(PROBLEM DESCRIPTION)
With the pictures left aside, write out exactly the lines of the listing below from the line with "Used 2020 Honda Fit LX image 27" to the line with "Stylish, Spacious And", both included, and only those.

(INPUT DATA)
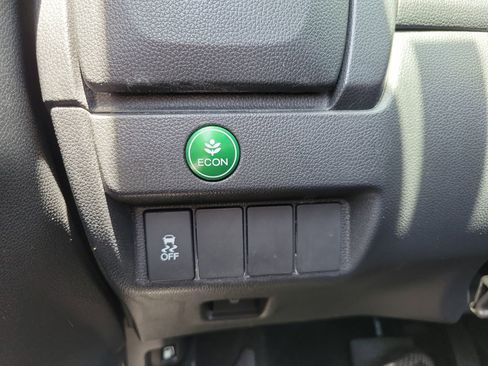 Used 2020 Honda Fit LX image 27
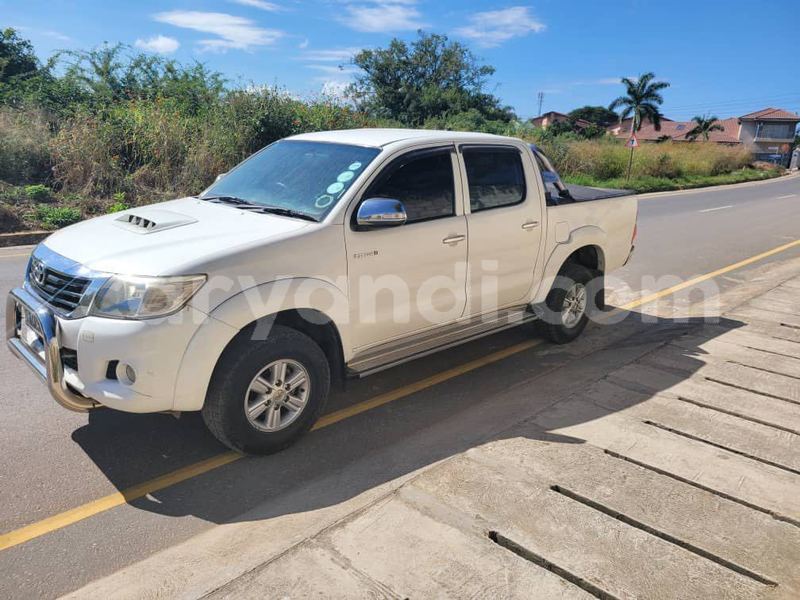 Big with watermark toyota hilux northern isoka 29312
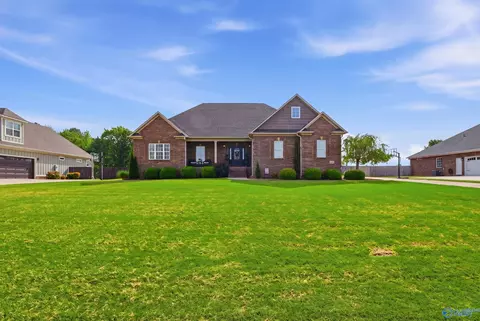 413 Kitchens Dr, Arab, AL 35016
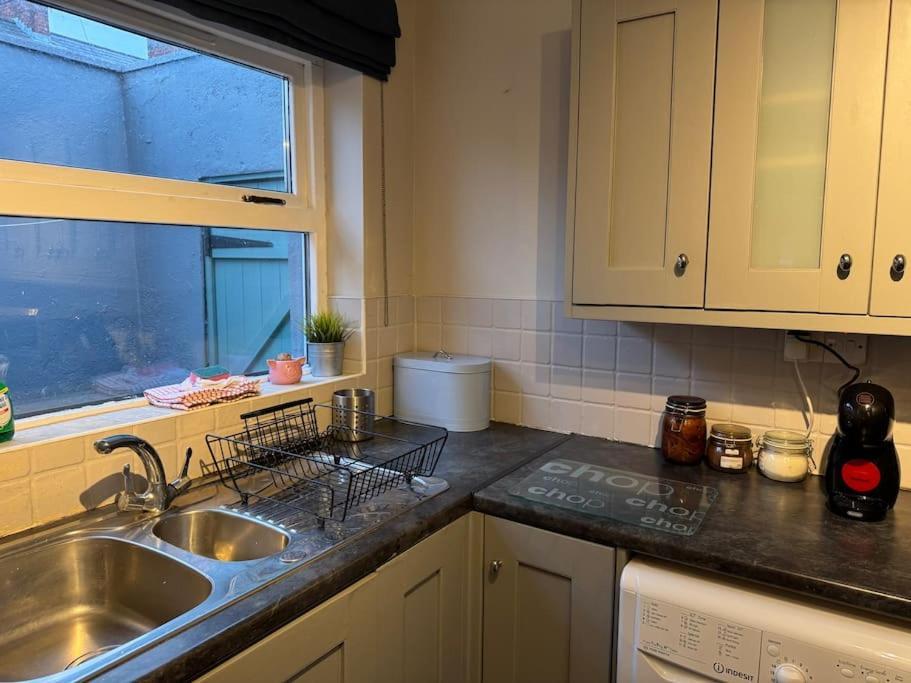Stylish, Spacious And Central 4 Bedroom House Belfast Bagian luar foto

---

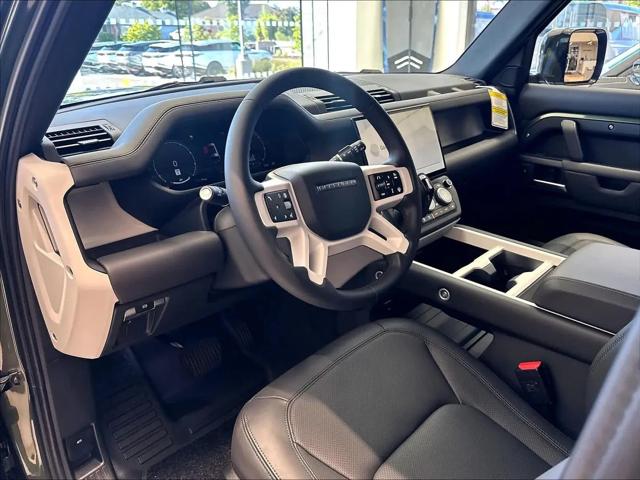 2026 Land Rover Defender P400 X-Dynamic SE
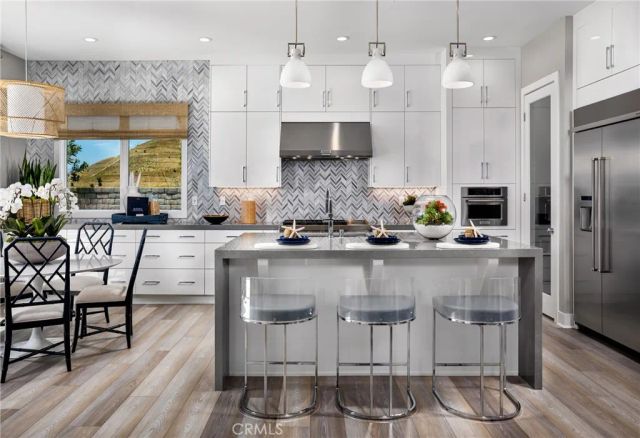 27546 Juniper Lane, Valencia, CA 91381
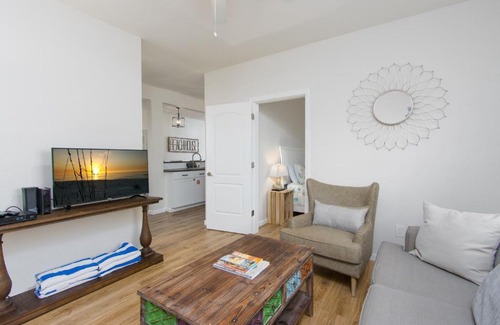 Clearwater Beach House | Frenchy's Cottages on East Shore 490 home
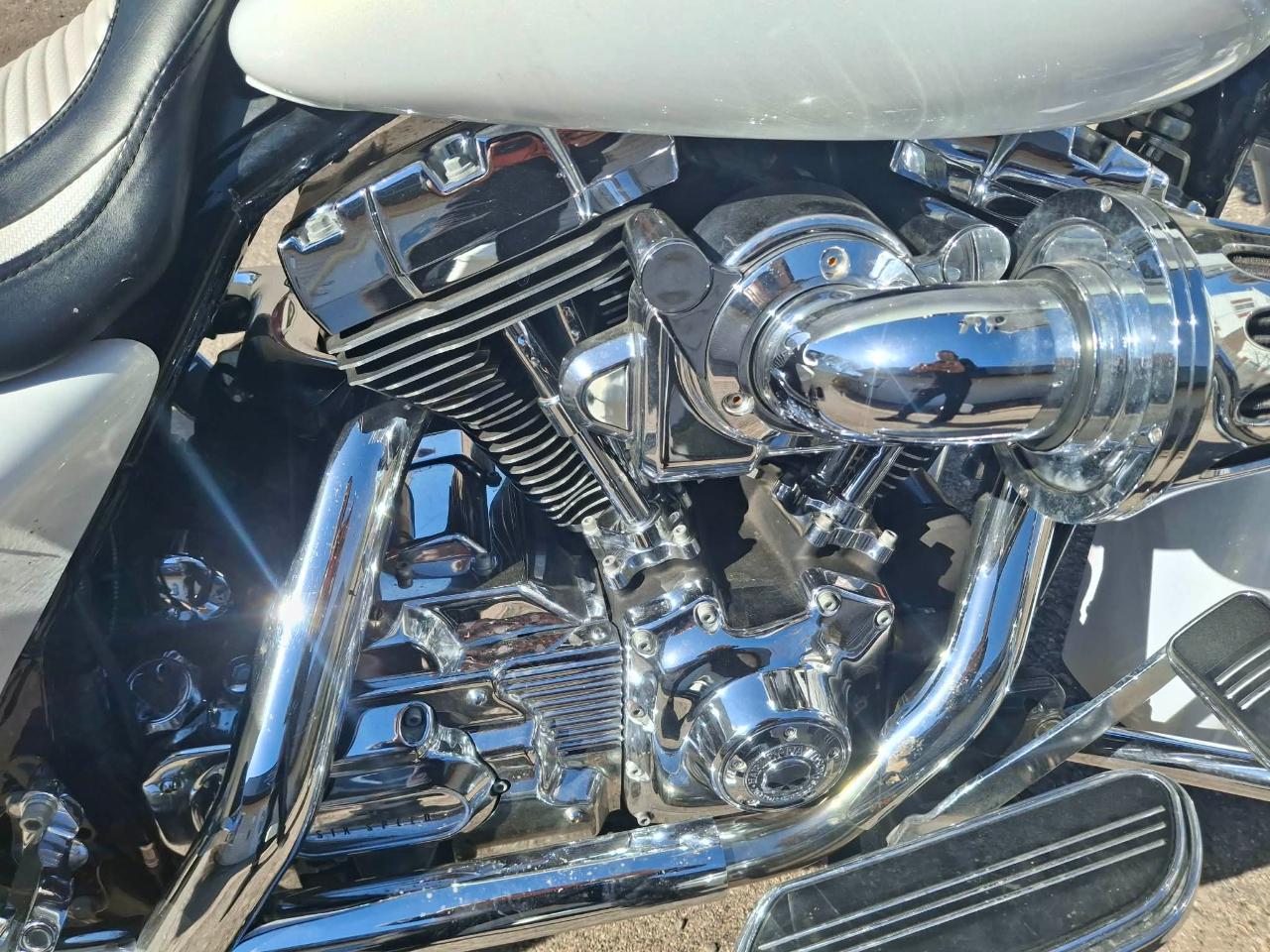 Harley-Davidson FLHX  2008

(FINISHED EXERCISE)
 Used 2020 Honda Fit LX image 27
 Big with watermark toyota hilux northern isoka 29312
 413 Kitchens Dr, Arab, AL 35016
Stylish, Spacious And Central 4 Bedroom House Belfast Bagian luar foto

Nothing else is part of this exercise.